Challenge – an important obstacle that needs to be overcome in order to achieve the goal
Example: “We’re having trouble acquiring and keeping customers because of the limitation of on-premise deployment of the software we sell given that more and more customers are interested in moving to the cloud.”
Strategy – a battle plan for action that represents a cohesive response to the challenge
Example: “Offer a cloud-based version of our software products in order to win and keep the business of companies not interested in on-premise deployment.”
Epic – a key component or capability as part of the strategy, market-positionable, product or service scoped
Example: “Cloud-based deployment of software XYZ.”

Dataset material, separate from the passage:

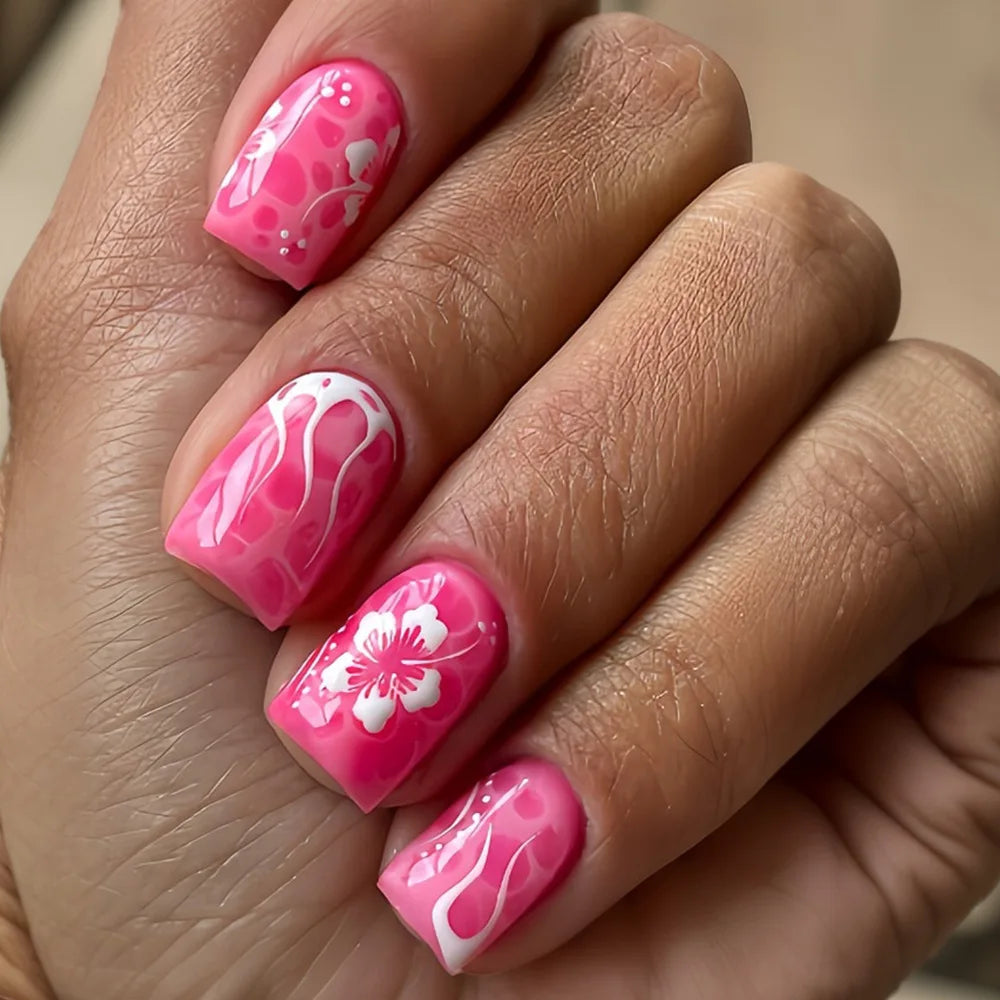 Hot Pink Swirl and White Floral Press On Nail Set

Feature – a unit of functionality described from a user’s point of view, atomically deliverable or testable for customers
Example: “Set up an instance of software XYZ to run in the Amazon AWS cloud.”
Story – one scenario of value delivery for at least one customer in at least one context
Example: “As a system administrator, I can configure an instance of the software XYZ purchased from the AWS Marketplace so that it’s correctly sized and ready to use by its intended users”.
——-
In this model, “outcome” (defined as a fundamental measure of performance) could be defined at any level of the intentionality progression.
For example, one of the desired outcomes for the epic above could be “Minimize the cost of making software XYZ ready for cloud deployment”, and for the feature, “Minimize the time and effort required from a customer to set up an instance of software XYZ to run in Amazon AWS cloud”.
“Opportunity” is what the strategy would be channelling energy into (where it looks like the company can make major inroads or breakthroughs in pursuit of its goal). In my example, cloud-based deployment represents an opportunity to expand the company’s customer base in pursuit of the goal of revenue growth.